Pictures with short captions:

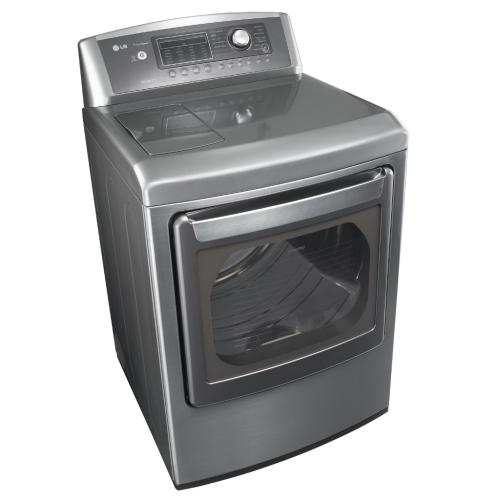 DLEX5170V 7.3 Cu. Ft. Ultra Large Capacity Steamdryer (Electric)
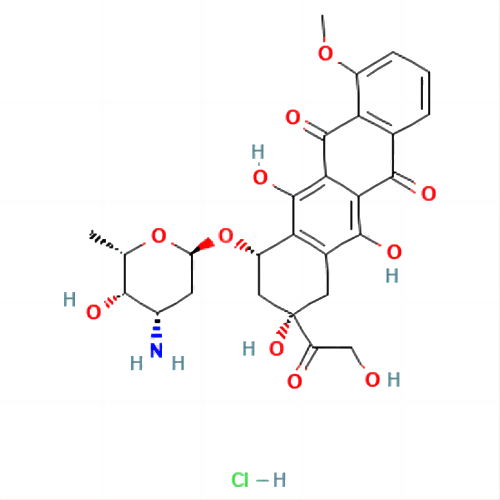 doxorubicin hydrochloride
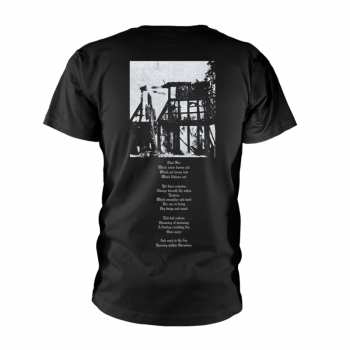Merch Burzum: Tričko Aske S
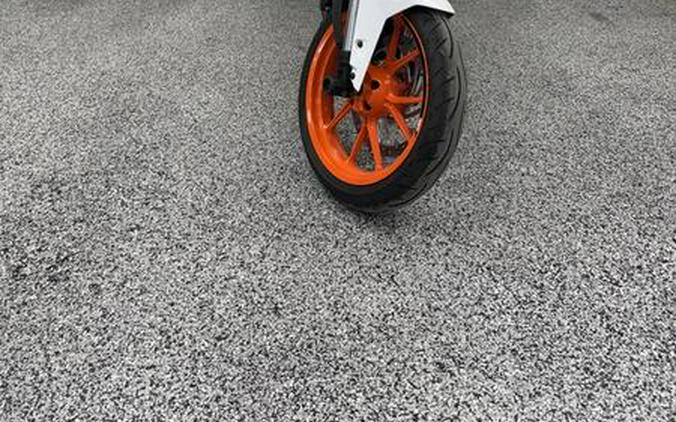 2018 KTM 390DUKE - UKT3289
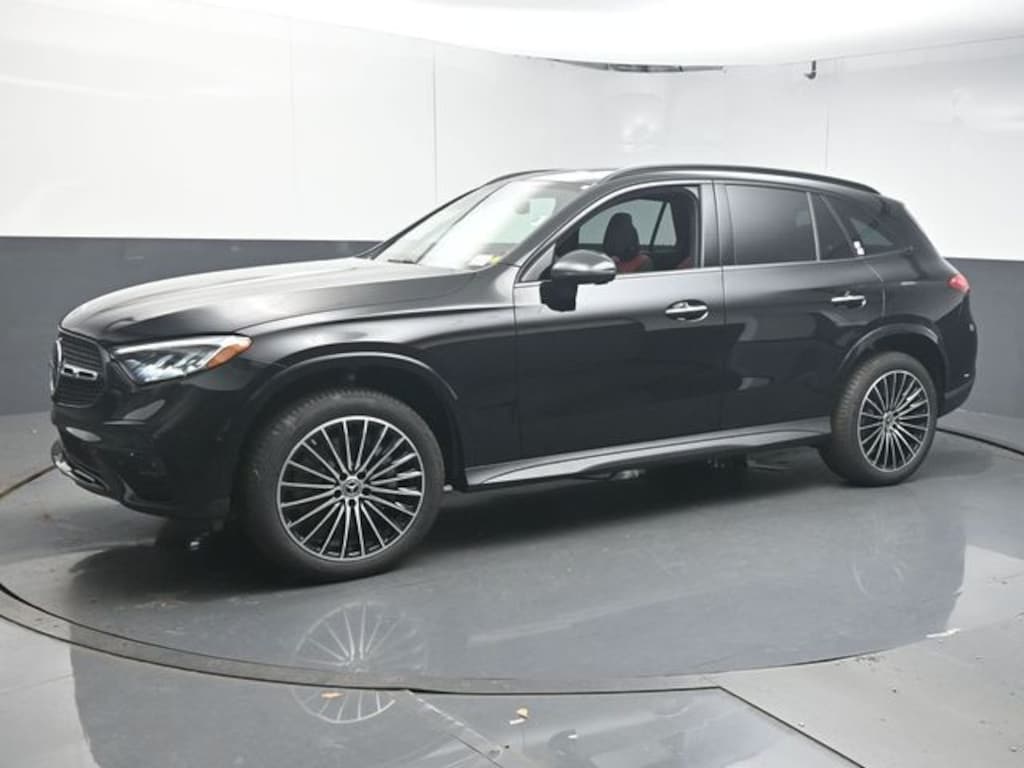 Certified 2026 Mercedes-Benz GLC GLC 300 SUV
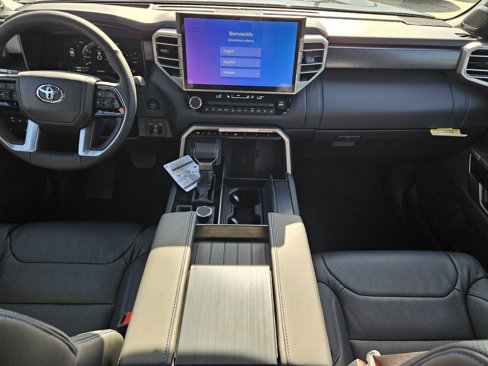 New 2026 Toyota Sequoia Platinum image 8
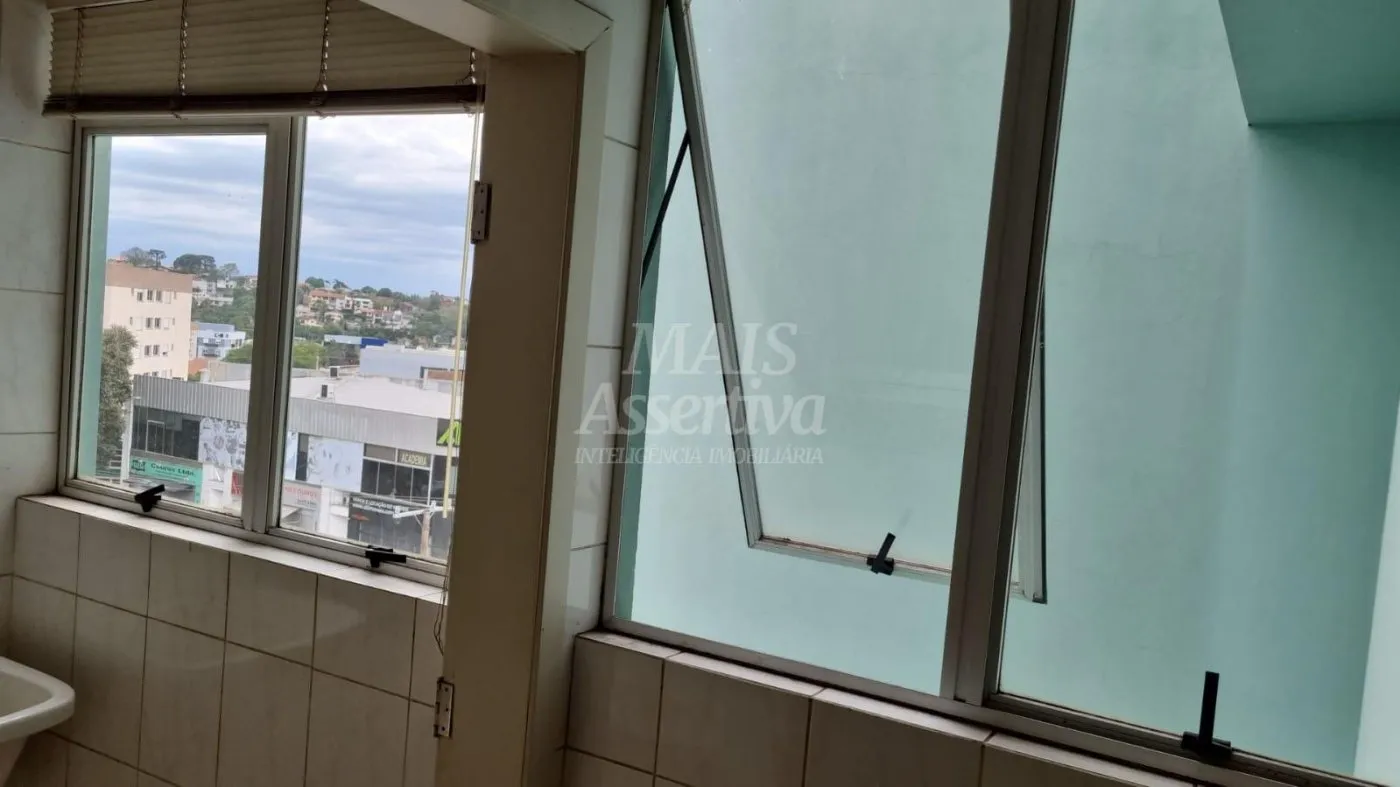 Imagem Apartamento semi mobiliado para locação, bairro Hamburgo Velho em Novo Hamburgo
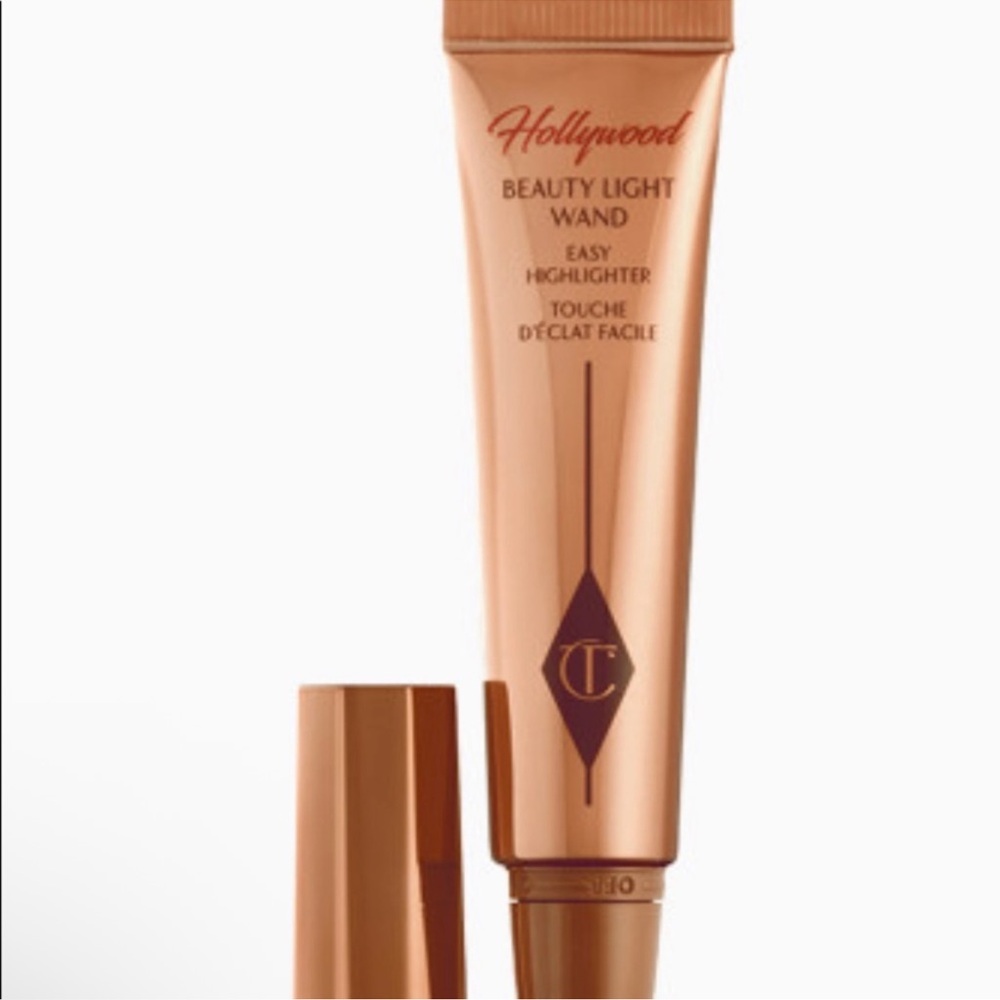 Charlotte Tilbury beauty light wand light Highlighter Spotlight $44 NEW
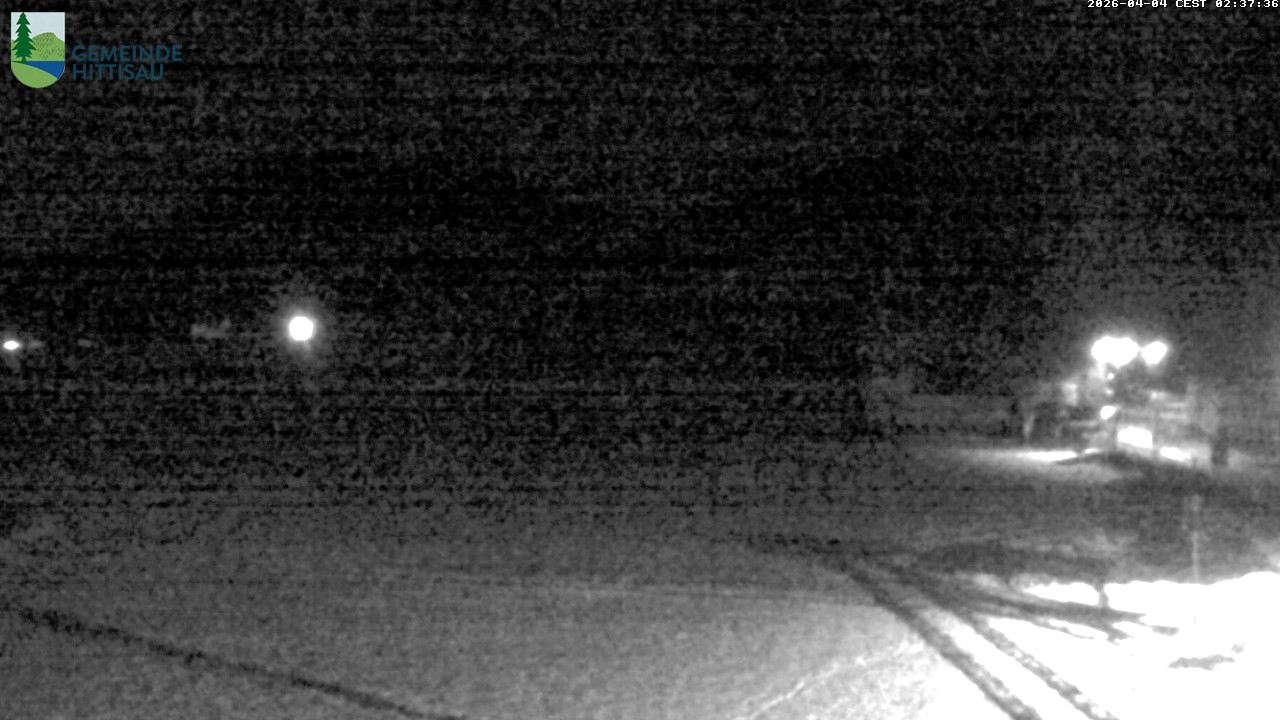 Archiv Foto Webcam Hittisau - Vorarlberg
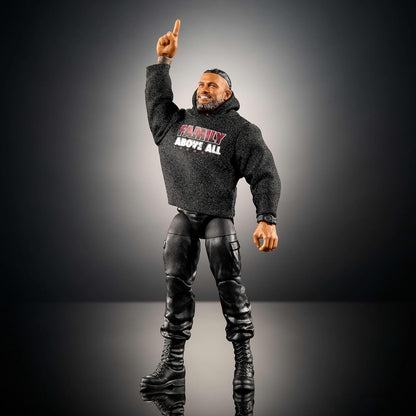 WWE Elite Series 117 Roman Reigns
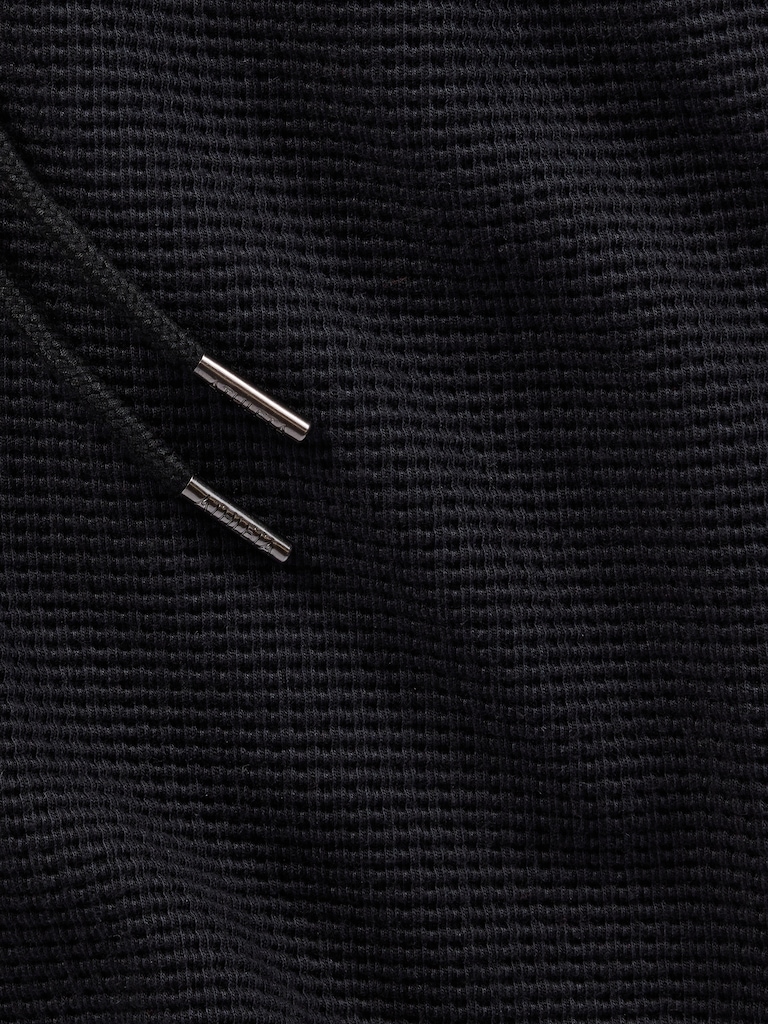 Tranquil Mid Rise Waffle Short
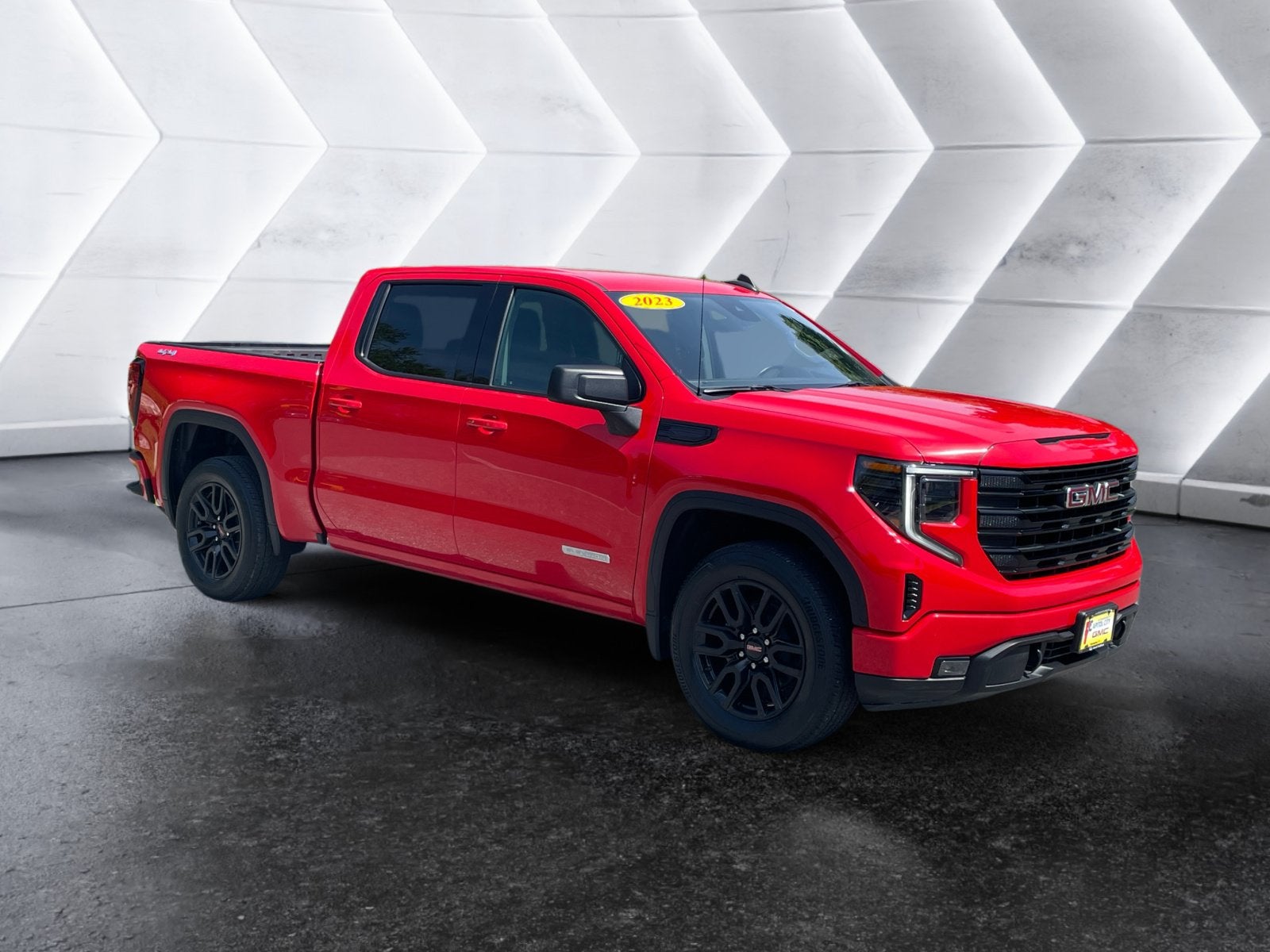 2023 GMC Sierra 1500 Elevation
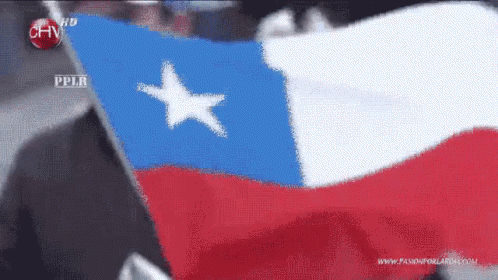 Chile Flags GIF - Chile Flags GIFs
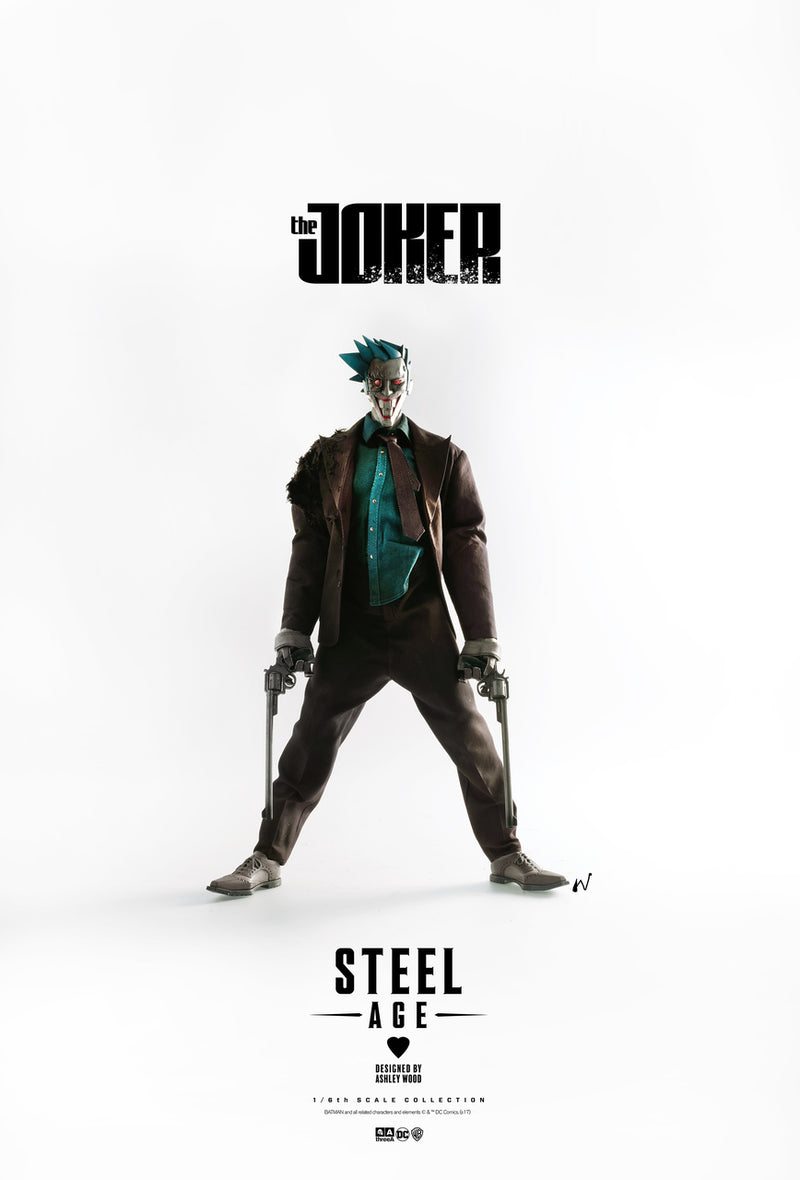 Load image into Gallery viewer, ThreeA - DC Steel Age The Joker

**WHAT TO WORK ON**
An exact copy is needed of every line from the line containing "Tranquil Mid Rise Waffle Short" to the last line of the records; pictures stay out of it.

**EXERCISE SOLUTION**
 Tranquil Mid Rise Waffle Short
 2023 GMC Sierra 1500 Elevation
 Chile Flags GIF - Chile Flags GIFs
 Load image into Gallery viewer, ThreeA - DC Steel Age The Joker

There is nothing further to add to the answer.